ONE event not to be missed this year, the Premier Meat Exhibition, is one week earlier than normal with the liveweight judging taking place on Wednesday, November 13.

The live section placings will be decided at Caledonian Marts, Stirling, with sheep judging commencing at 3pm and cattle judging an hour later. The deadweight competition is to take place at Scotbeef, Bridge of Allan, at 10am on Saturday, November, 16.

The event – which is organised by the Scottish National Fatstock Club along with Scotbeef and Marks and Spencer – will see sheep entries up on the year and they will spread across 10 classes, however, cattle numbers are back slightly on the year. Organisers said this was a representation of the current climate where the beef finishing trade is struggling due to the implementation of lower carcase weights and anti-beef campaigns.

The young livestock producers section of the event, though, is looking more optimistic, with an increase in entries on the year, which will be judged over four cattle classes and two sheep classes. This started five years ago to keep young people engaged in the industry and has proved to be a positive addition to the event, said organisers.

This year, the weight limit of continental cattle has been dropped to 630kg from 650kg due to the meat processors wanting lighter carcases – though native breeds and crosses will remain at the 650kg weight.

"This is always going to be an issue with getting cattle finished quick enough, however, I don't think it has impacted our entries as a lot of the big continental cattle are not always good," said SNFC's chief cattle steward, Allan Turnbull, Meadowend, Clackmannan.

"I am delighted with the entries we have achieved in both sheep and cattle. I thought it would have had been a lot different, especially with the year it has been within the industry. It has been a tough six months for everyone," added Mr Turnbull.

"In general, lowering the carcase weight at abattoirs will cause problems in the sector as it will have a huge impact on the size of the animals and the quality of the grading.
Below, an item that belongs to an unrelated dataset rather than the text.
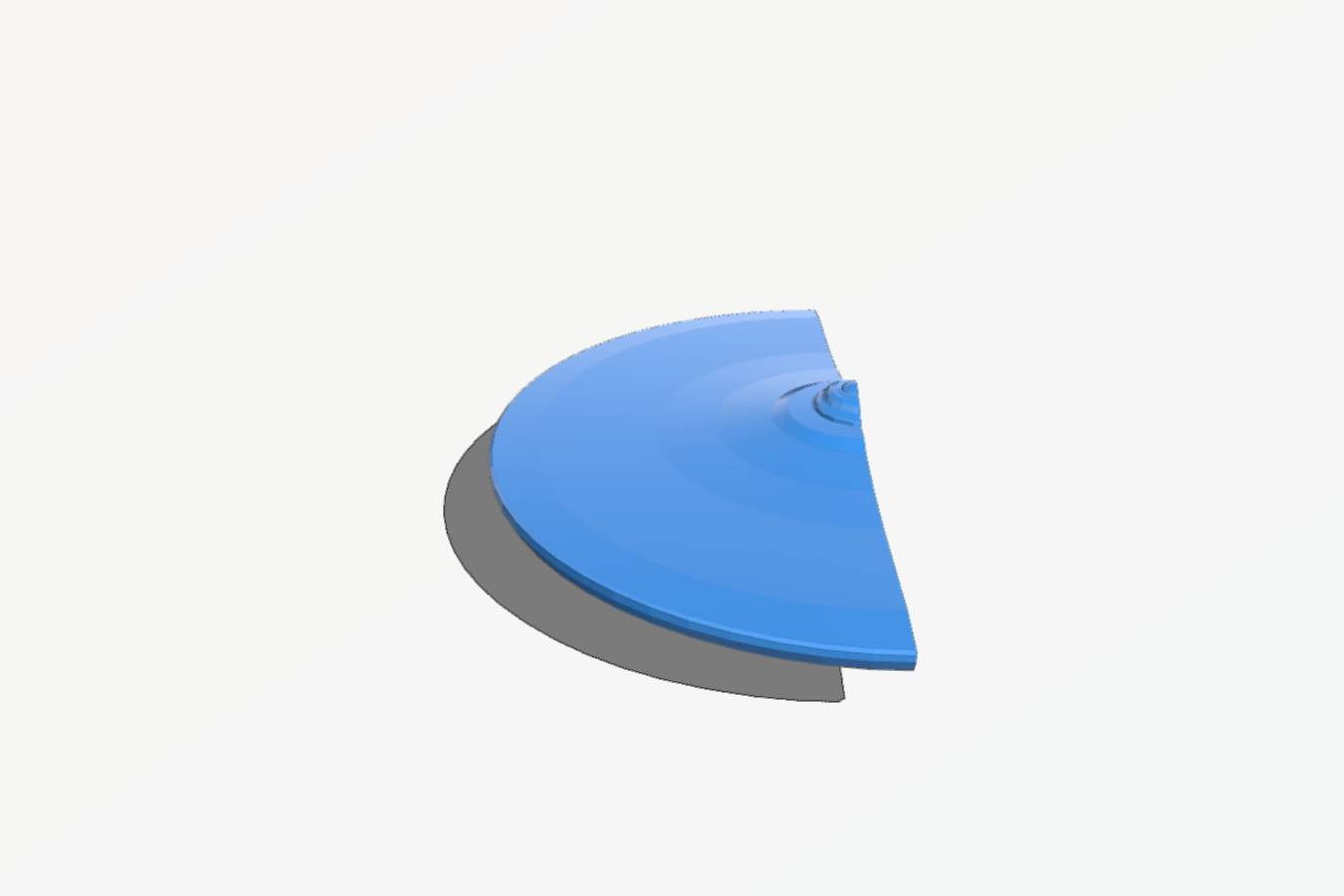 af2ecf9e-e0e6-4d66-ac5f-2e0e2c34957e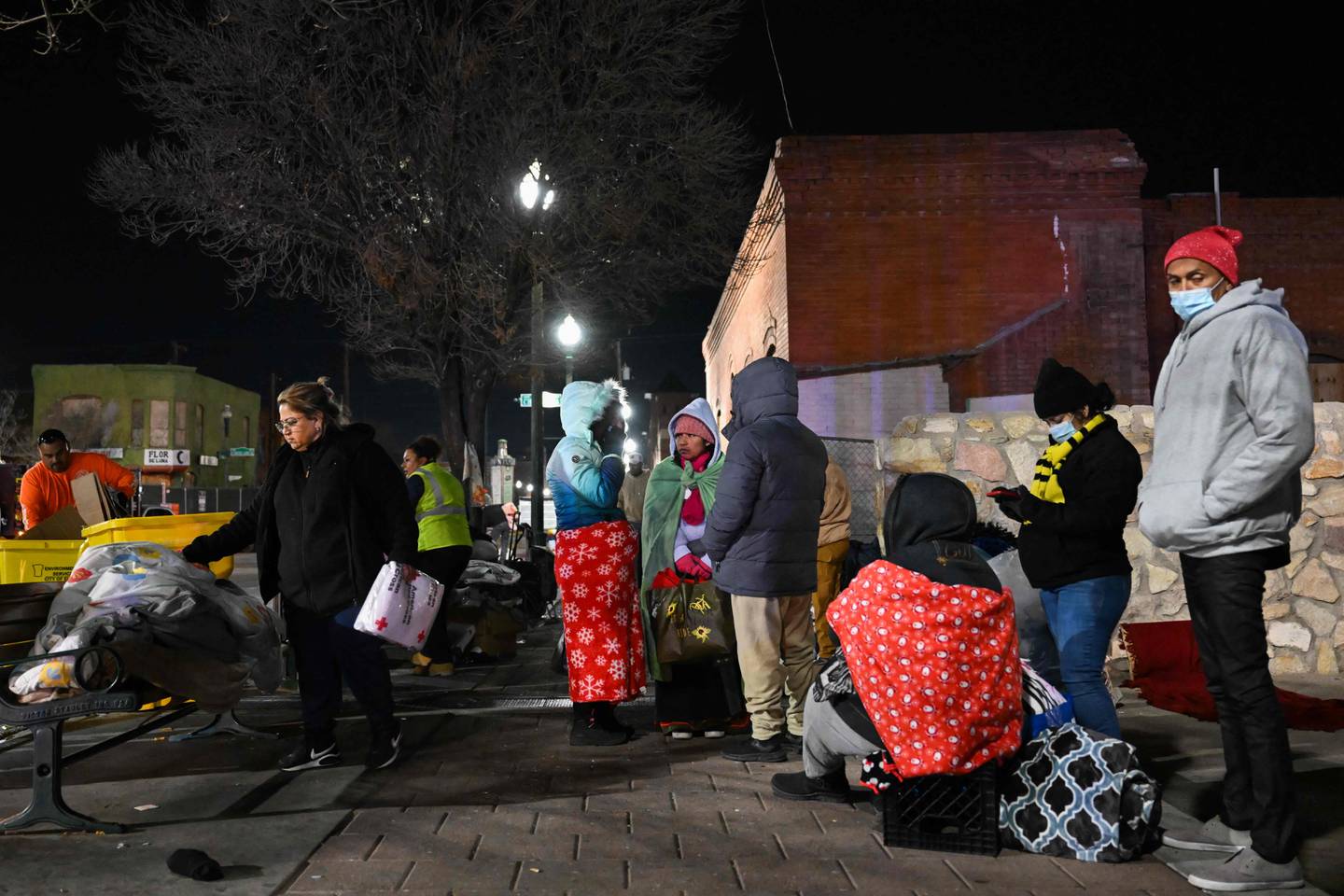 Guatemala pedirá visa a dominicanos para frenar flujo migratorio hacia Estados Unidos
We are either going to need to sell animals before they are ready and get an average grade, or keep it until it should be ready and then receive a poorer price per kg for a heavier, but better animal," explained Mr Turnbull.

Over the last decade, carcase weights have been rising within the UK, Scotland included, which has been causing problems in abattoirs and with meat processors.

"Specific cuts require certain thickness and weight, and if cattle are too heavy these cuts just become too fatty and impractical, so there did need to be a weight drop at some point," said Alan McNaughton, who will be judging the cattle carcases judging at Scotbeef.

"It is crucial that the industry does listen to what the consumer wants as, at the end of the day, if don't, then we won't sell our product."

He added that with age also comes with toughness, though there is no issue with this if it is between 16-24 months.

"The crucial part in producing the correct size of animal is all in the breeding of the cattle. Breeders need to ensure the cow isn't too big and that the sire and dam both produce the right spec' of cattle.

"We often end up paying too much for what you don’t want, to get enough of what you do want," he concluded.


Live cattle – Aileen Ingram, East Comalegy, Drumblade, Aberdeenshire.

Live sheep – William Shearer, Burnbrae, Sandford, Strathaven.

Cattle carcase – Alan McNaughton, Waulkmill, Laurencekirk.

Sheep carcase – Geraud Macquet,Route de Saint Omer, France.